Although Breuer had a far better track record of completing the creative projects he started than most artists, by the time he reached the end of his life, one creative endeavor in particular remained unfinished: a film project he had begun in France in the late 1960s with future Mabou Mines members.

That film project would remain scriptless, soundless, and completely untouched after principal photography wrapped in 1968—until late in Breuer’s life, when his son, Mojo Lorwin, began working on it. Throughout the three years following his father’s death in 2021, Lorwin transformed the unfinished work into a completed film, using his artistic intuition and fragments of his late father’s guidance.
The result is Moi-Même, one of the 2025 Athens International Film and Video Festival selections, which will screen at the Athena Cinema (20 South Court Street) on Friday, April 11 at 7:15 p.m.
Weighing in at just over an hour, Moi-Même is short, sweet, and—as often the case with art from the ’60s— more contemporary-feeling and comedic than you might expect. It tells the story of a fictional boy struggling to make a fictional film, all set against Paris’s real chaos and upheaval in 1968-69.
Lorwin says working on the project put him in “constant communication” with his father, even after his death.
“It was sort of an excuse to dig into his old notebooks (…) to sort of get in his headspace,” Lorwin says. “I think it kept me close to him after he died in a nice way.”

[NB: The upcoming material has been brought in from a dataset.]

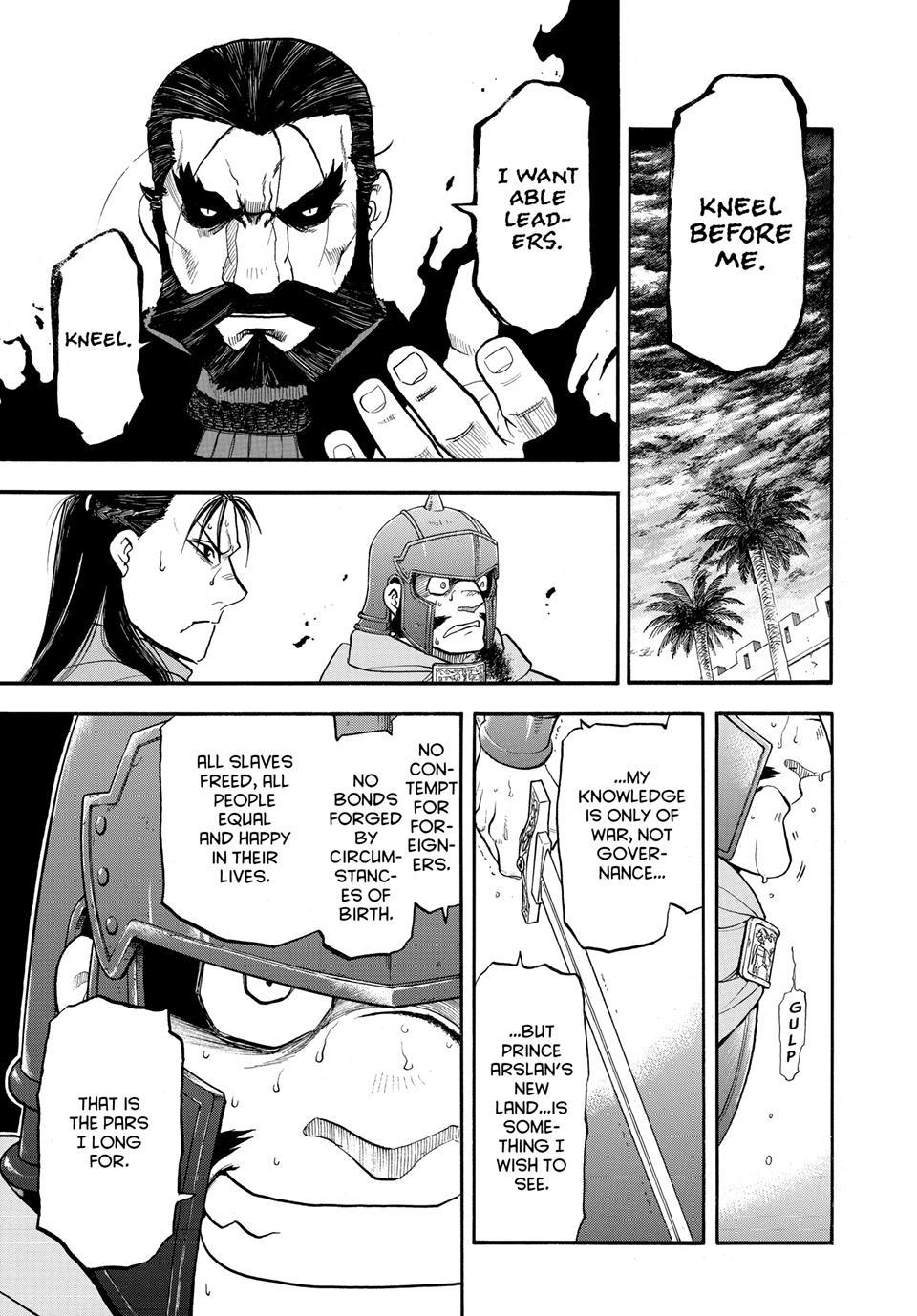 The Heroic Legend of Arslan Chapter 149 18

Though many would find the lack of concrete direction in assembling his late father’s film daunting, Lorwin didn’t—in fact, it seemed like he was the right man for the job from the start. As a film professor at SUNY Westchester Community College, Lorwin was already familiar with the kinds of films being made when his father and his friends shot all that footage.
“So I feel like I had sort of a head start aesthetically,” he says, noting that working without a script or sound left space to shape the film, blending writing and editing into a seamless, surprisingly linear process. “He left me this amazing footage, but because he didn’t have a script or sound, he also left me all this space to do my own thing with it.”

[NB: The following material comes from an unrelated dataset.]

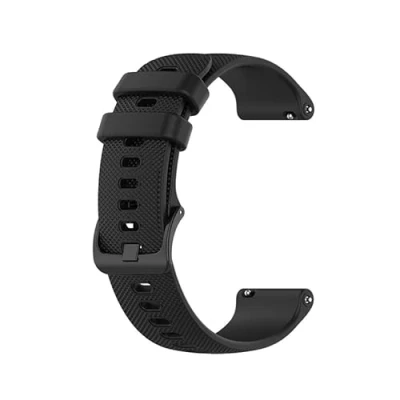 Abbildung von Uhrenarmband Universelles mit 16mm Smartwatch Sportuhren Ersatz Armband Silikon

Moreover, his deep knowledge of Breuer’s approach to work gave him crucial insight into his father’s artistic instincts at the time, guiding his approach to finishing the film.
One aspect of his father’s approach to art-making was a commitment to working with family, both literal and chosen. In finishing Moi-Même, Lorwin embraced that same spirit, turning the project into a family affair of his own.
Lorwin enlisted his brother Alex (Tiappa) Klimovitsky to play acoustic guitar on two songs in the film, and his sister, Clove Galilee, to voice one of the actors. David Neumann—who voiced two characters—was the son of one of those characters and the godson of the other. Lorwin’s niece and a granddaughter of Breuer and one of the original actresses, Ruma, provides a little girl’s voice.
Even the film’s Foley work had deep family ties. Jay Peck, a Foley artist who had performed live sound effects for Breuer’s productions since Lorwin was a child, contributed both expressionistic, theater-style Foley and more realistic film Foley. Now an industry veteran with credits including work for the Coen Brothers and Ari Aster, he helped bridge the gap between Breuer’s avant-garde theatrical roots and Lorwin’s vision for the film.
For Lorwin, Moi-Même is about the broader countercultural and avant-garde artistic movements of the ’60s and the struggles, failures, and moments of clarity that come with making art itself. Watching the people recorded all those decades ago on the film his father left behind, Lorwin says he couldn’t help but reflect that “they’re in the middle of what many of them thought was a revolution.”
“There’s all this hope, and there’s all this idealism and all this rebellious energy (…), and a lot of that hasn’t panned out the way people thought it would at the time if you look at our present situation.”
Even so, Lorwin says there’s still much to learn by reflecting on this point in history.
“(W)hat do we mourn about that idealism? What seems naive or even ridiculous to us now? And what can we salvage from it and use to keep our hope alive as well?”